# Provided information
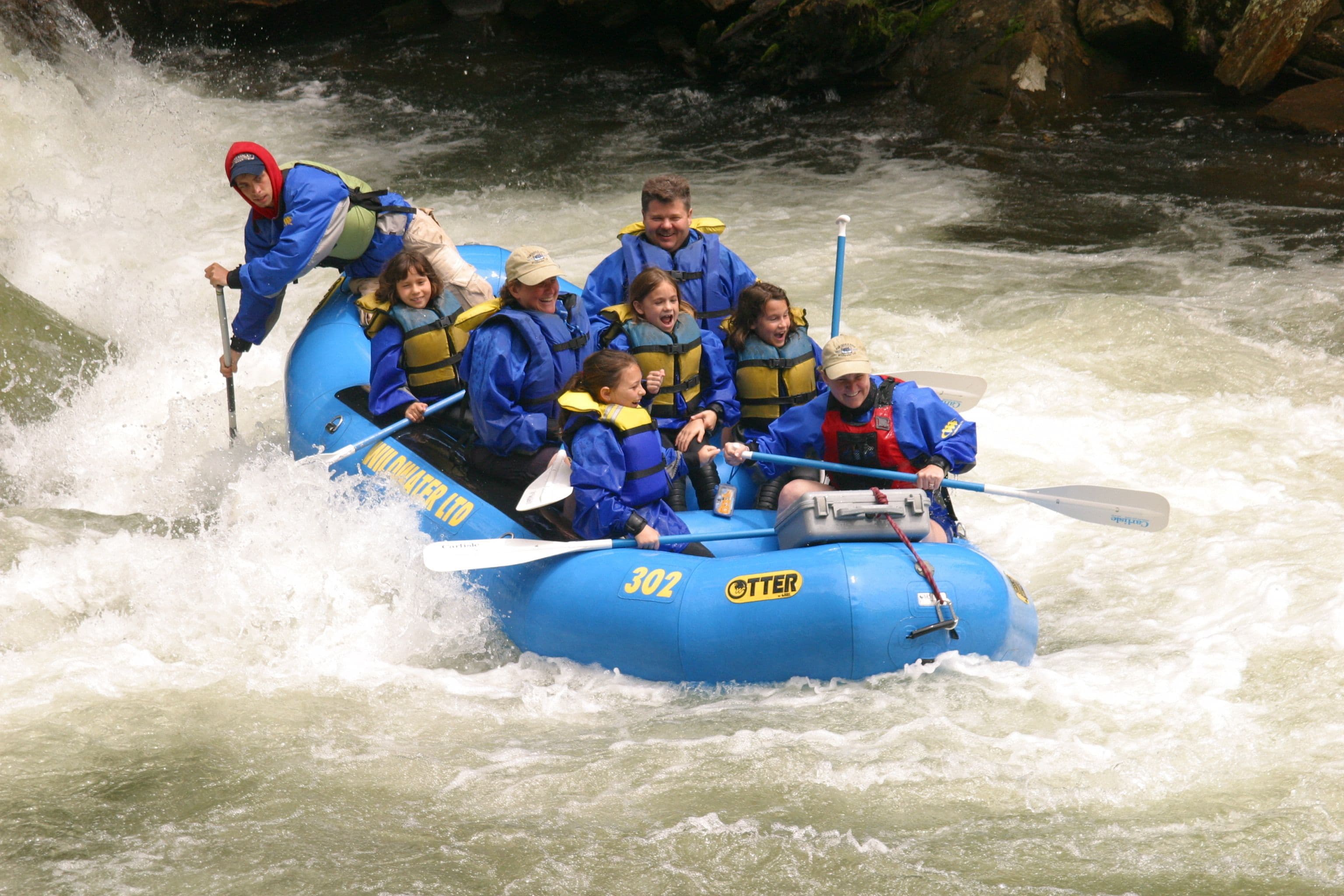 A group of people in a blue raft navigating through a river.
...
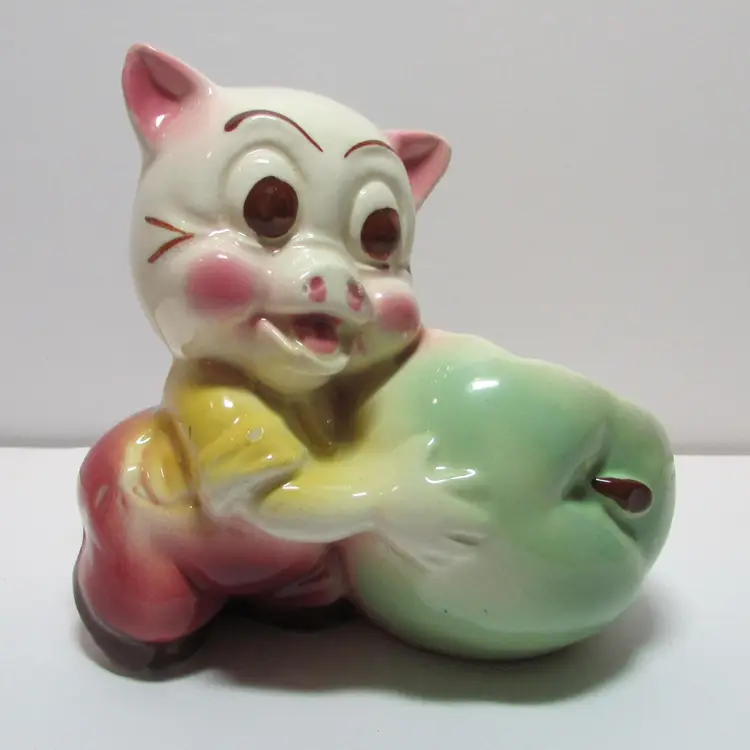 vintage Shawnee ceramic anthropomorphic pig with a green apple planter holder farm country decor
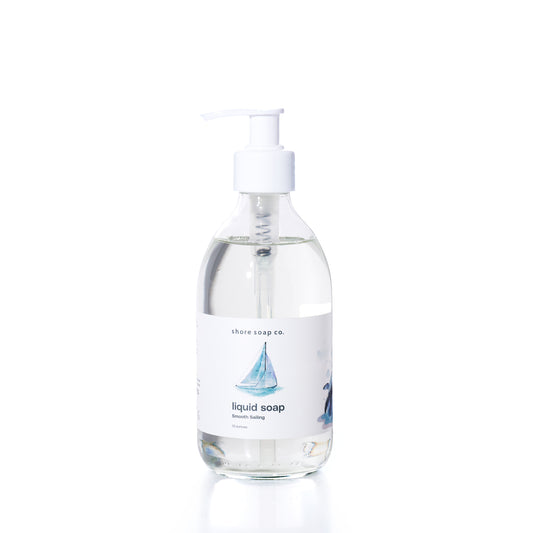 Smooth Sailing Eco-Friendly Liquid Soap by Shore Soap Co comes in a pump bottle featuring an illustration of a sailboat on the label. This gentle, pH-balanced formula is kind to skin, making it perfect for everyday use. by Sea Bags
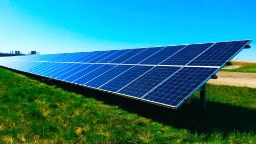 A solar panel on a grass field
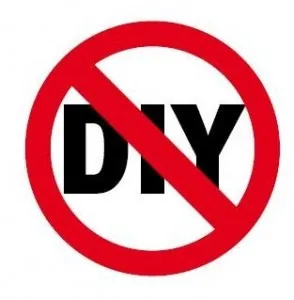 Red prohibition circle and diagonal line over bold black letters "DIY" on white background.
* * *
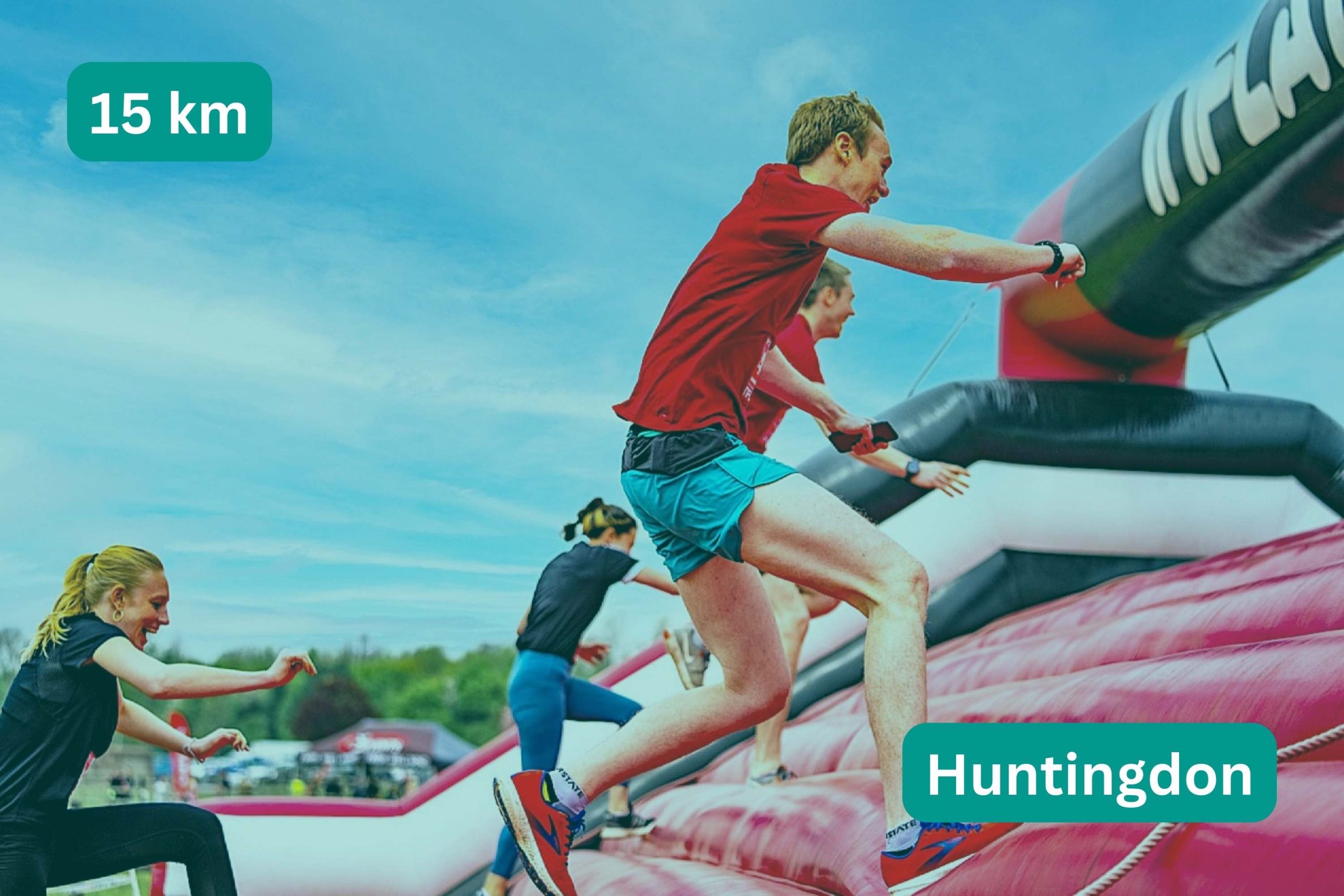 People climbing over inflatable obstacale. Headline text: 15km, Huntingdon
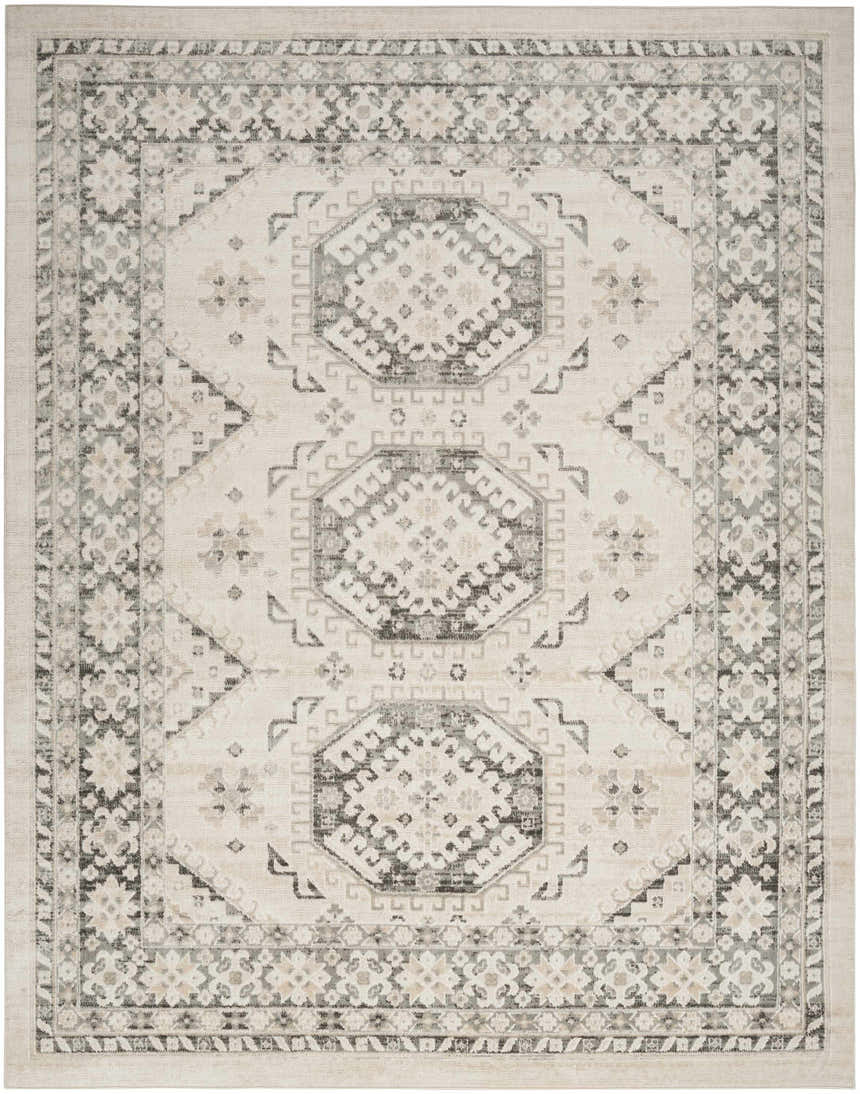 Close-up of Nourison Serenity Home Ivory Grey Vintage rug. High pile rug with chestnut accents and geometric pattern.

# What is needed
Using the entries above, transcribe every line from the line containing "A solar panel on a grass field" through the line containing "Red prohibition circle". Do not copy pictures.

# Response area
 A solar panel on a grass field
 Red prohibition circle and diagonal line over bold black letters "DIY" on white background.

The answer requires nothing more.